Direktur Lembaga Bantuan Hukum (LBH) Jakarta Arif Maulana, di Jakarta, Kamis (16/1/2020), mengatakan, musibah banjir di awal 2020 tak hanya memakan korban di Jakarta, tetapi juga kawasan sekitarnya. Oleh karena itu, gugatan harus melingkupi Pemerintah DKI, pemerintah daerah penyangga, dan pemerintah pusat.
”Masalah banjir ini butuh koordinasi pusat dengan Jakarta dan daerah penyangga. Jadi, semua itu harus jadi pihak tergugat,” ujarnya.
Gugatan itu diyakini berdasarkan karena Undang-Undang (UU) Nomor 24 Tahun 2007 tentang Penanggulangan Bencana, persisnya di Pasal 5 disebutkan, pemerintah dan pemerintah daerah menjadi penanggung jawab dalam penyelenggaraan penanggulangan bencana. Pemerintah dimaksud adalah pemerintah pusat, Presiden RI, yang memegang kekuasaan pemerintahan NKRI.
Terkait rencana gugatan itu, LBH Jakarta telah membuka posko bantuan hukum bagi para korban banjir se-Jabodetabek sejak 6 Januari 2020. Setidaknya, lebih dari 20 orang telah melapor melalui posko itu.
Pelaporan bisa dilakukan melalui https://www.bantuanhukum.or.id/web/formulir-pengaduan-korban-banjir/. Selain itu, bisa pula dengan datang langsung ke kantor LBH Jakarta, setiap Senin-Kamis, dari pukul 09.30 hingga pukul 15.00.
Saat melapor ke posko, korban banjir diwajibkan membawa atau menyertakan bukti-bukti terkait kerugian yang dialami. Pendaftaran masih dibuka hingga akhir Januari ini.
Sebelumnya, Senin (13/1/2020), gugatan serupa telah didaftarkan ke Pengadilan Negeri Jakarta Pusat. Sebanyak 243 warga yang tergabung dalam Tim Gugatan ”Class Action” Banjir DKI 2020 menggugat Gubernur DKI ke PN Jakarta Pusat karena dianggap lalai mengantisipasi banjir di Jakarta awal 2020. Sejumlah penggugat menyampaikan ketiadaan peringatan dini dari pemerintah kepada warga sebelum banjir sehingga membuat mereka merugi Rp 42,3 miliar.
Arif menjelaskan, sebenarnya, ada empat opsi yang terbuka bagi warga yang hendak mengajukan gugatan.
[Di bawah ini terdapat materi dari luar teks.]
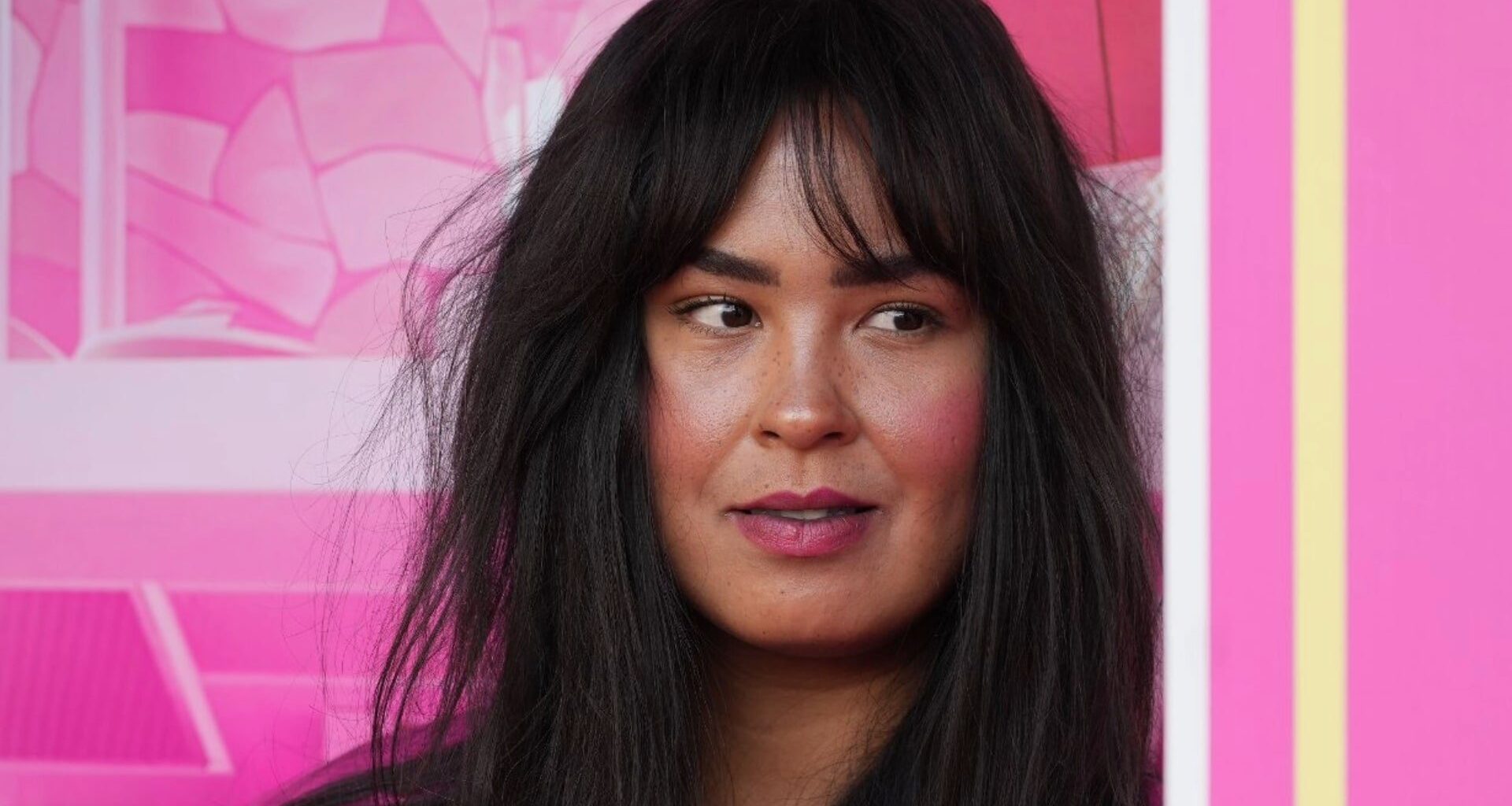 Maria Mena, Mamma | Maria Mena reiser fra sønnen i én måned: – Det føles ekkelt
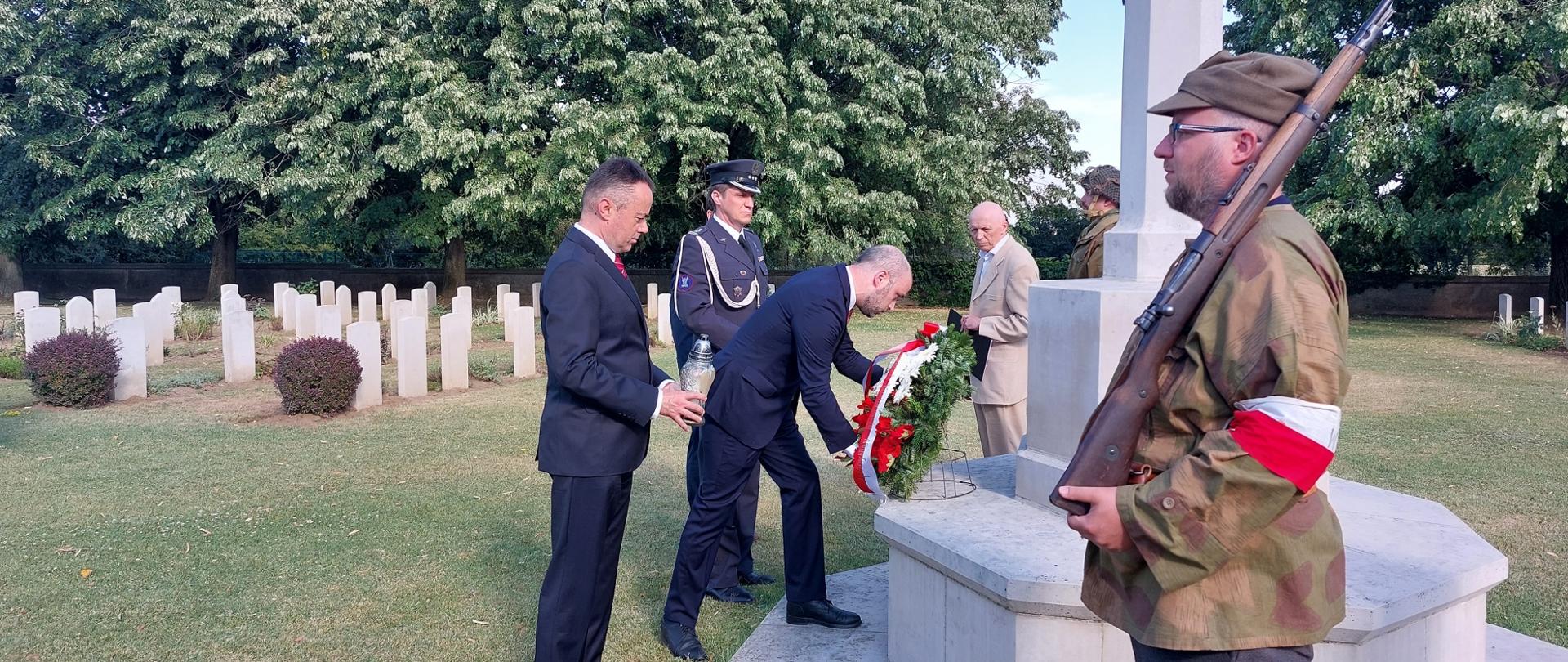 Uroczystości z okazji 78. rocznicy wybuchu Powstania Warszawskiego na cmentarzu wojennym Wspólnoty Brytyjskiej w Solymár pod Budapesztem - od lewej: konsul RP w Budapeszcie Andrzej Kalinowski, ambasador RP na Węgrzech Sebastian Kęciek (z wieńcem), attaché obrony płk Sławomir Mnitowski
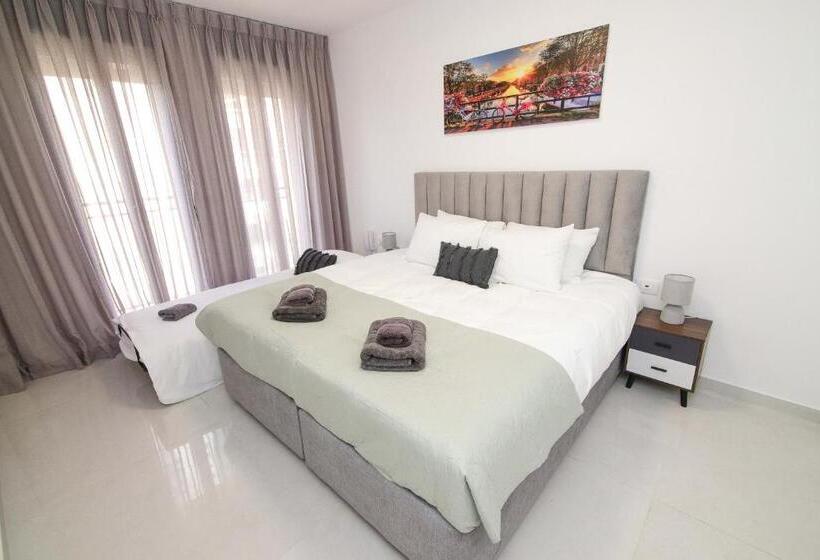 Agrippas Apartment 8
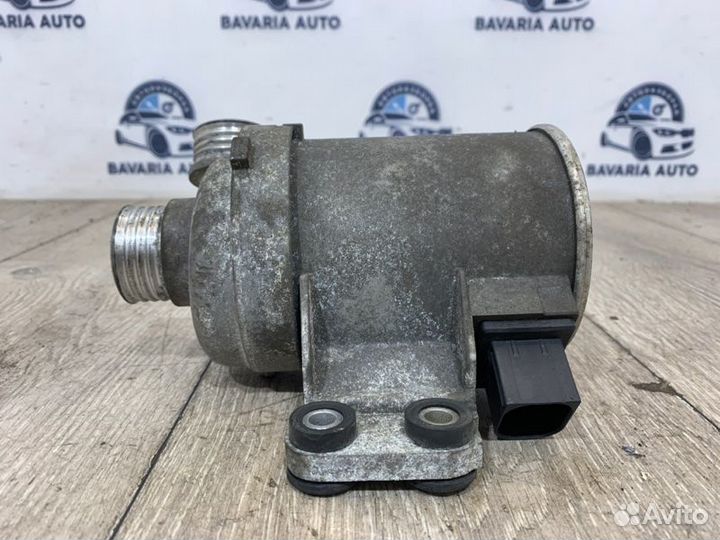 Насос водяной (помпа) Bmw X5 F15 N55B30A 2014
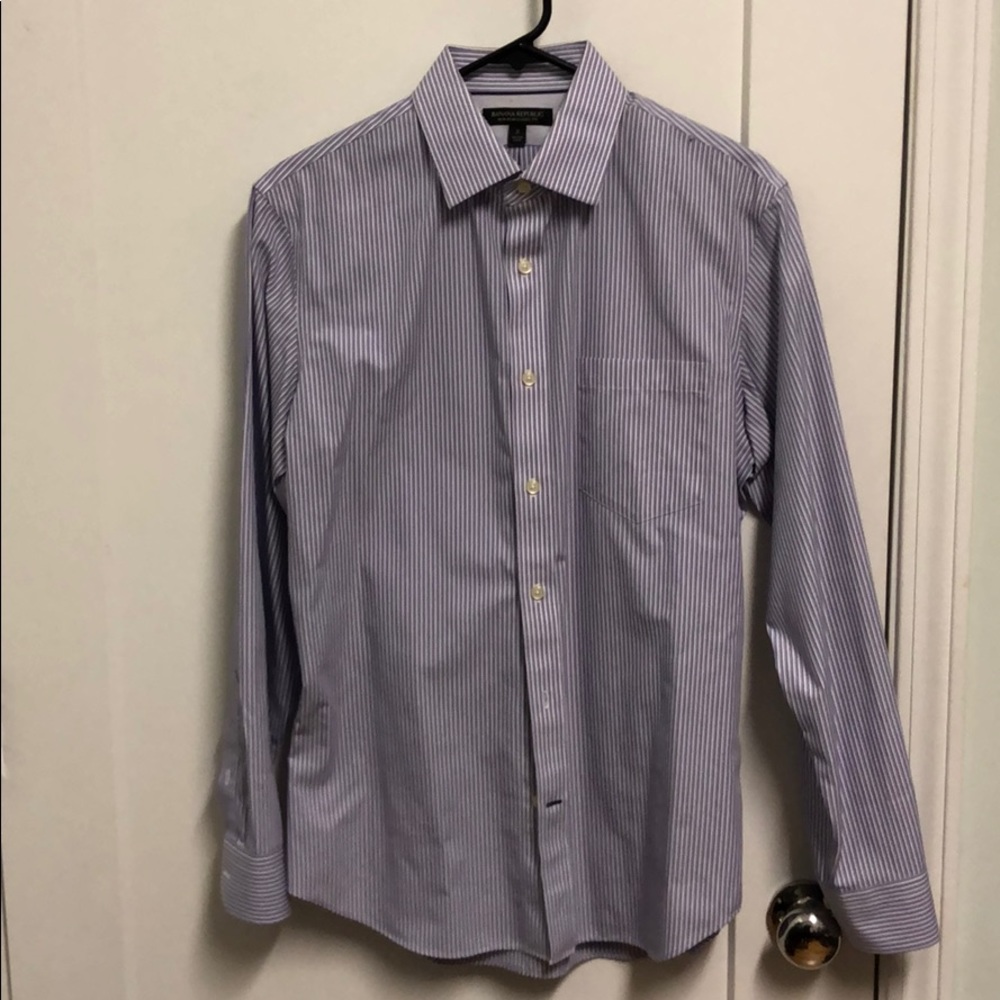 Banana Republic Non-Iron Men’s Dress Shirt. Small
Pertama, gugatan ganti rugi perdata dengan dalil perbuatan melawan hukum. Pemerintah daerah dan pemerintah pusat bisa digugat karena diduga melakukan perbuatan melawan hukum sebagaimana diatur di Pasal 1365 Kitab Undang-Undang Hukum Perdata (KUHPer).
Kedua, gugatan warga negara atau citizen law suit. Lewat gugatan ini, warga bisa menuntut evaluasi dan perbaikan kebijakan dari pemerintah. Selanjutnya, gugatan perwakilan kelompok atau class action. Pengajuan gugatan tersebut harus dilakukan oleh warga yang terdampak langsung. Lewat gugatan ini, warga bisa mendapatkan penggantian atas kerugian yang mereka alami.
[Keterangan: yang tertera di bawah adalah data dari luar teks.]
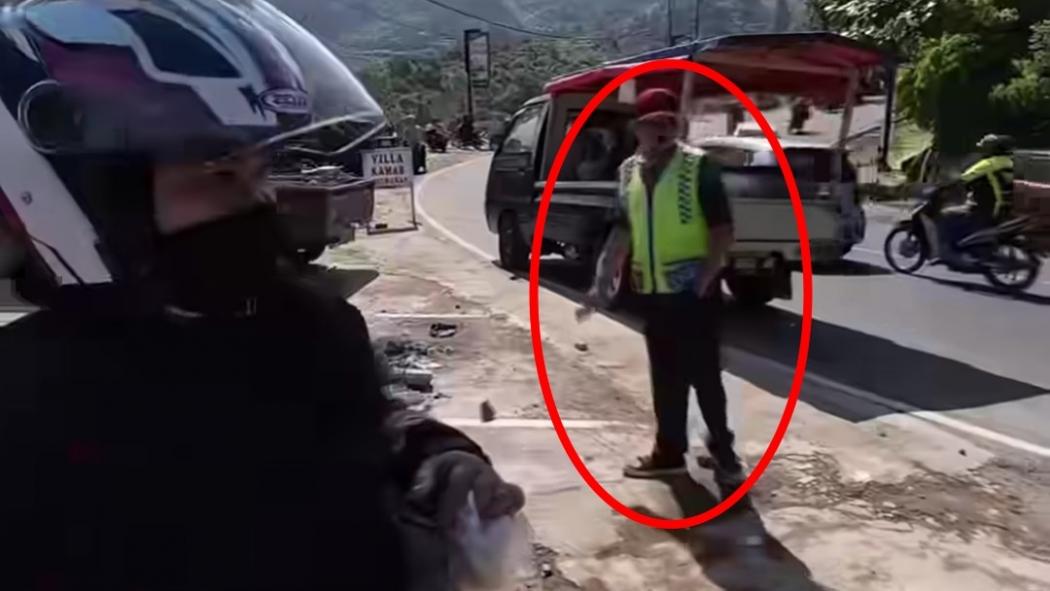 PKL Hilang di Jalan Raya Puncak, Kini Muncul Juru Parkir Liar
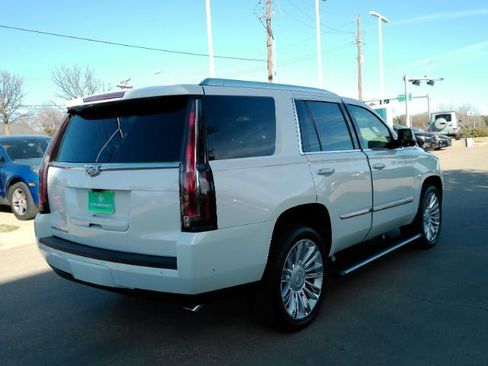 Used 2019 Cadillac Escalade Platinum image 9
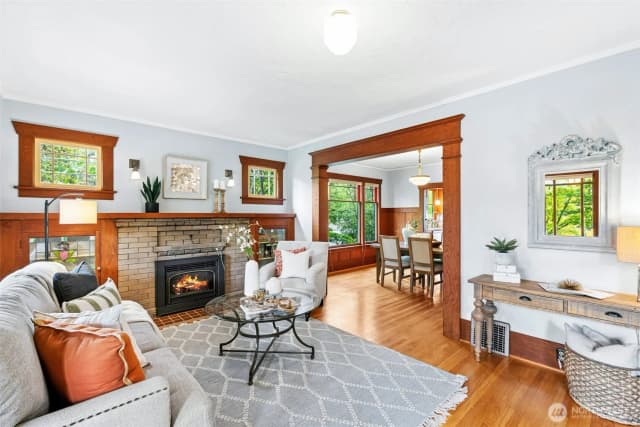 Property photo for 1200 N 44th Street, Seattle photo 5
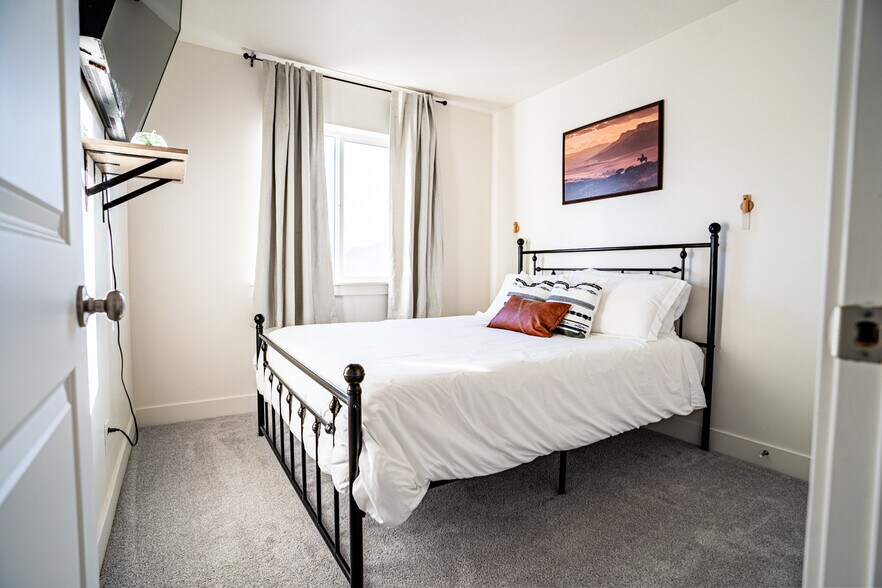 Building Photo - 355 N 2650 W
Keempat ialah gugatan legal standing yang bisa diajukan oleh organisasi. Biasanya gugatan ini dilakukan oleh organisasi yang bergerak di lingkungan hidup untuk pemulihan lingkungan.
Meski demikian, menurut Arif, dari keempat jenis gugatan itu, yang paling masuk akal akan dilakukan adalah gugatan citizen law suit dan class action. Sebab, musibah banjir tak cukup hanya dilihat dari sisi ganti rugi, tetapi juga evaluasi dan perbaikan kinerja pemerintah agar musibah serupa tak terulang lagi di kemudian hari.
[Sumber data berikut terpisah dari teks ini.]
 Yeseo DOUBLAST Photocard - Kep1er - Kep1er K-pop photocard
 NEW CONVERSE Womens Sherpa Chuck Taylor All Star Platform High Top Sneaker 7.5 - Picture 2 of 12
”Menuntut ganti rugi penting karena menyangkut hak masyarakat. Namun, jika hanya ganti rugi, seolah-olah untuk hari ini. Kita butuh evaluasi terhadap kinerja pemerintah agar di tahun selanjutnya tak terjadi lagi kelalaian serupa,” ucap Arif.
Sementara itu, secara terpisah, Kepala Biro Hukum Pemprov DKI Jakarta Yayan Yuhana mempersilakan warga mengajukan gugatan karena itu merupakan hak setiap orang. Pihaknya pun siap untuk menghadapinya.
”Kami sudah siapkan tim hukum. Kalau memang perlu tenaga ahli, kami akan pakai tenaga ahli, tergantung apa yang nanti kami perlukan. Kami lihat dulu gugatannya, nanti kami kaji. Mereka gugat apa, apa yang mereka ganti rugi, dasarnya apa, kerusakannya apa,” tutur Yayan.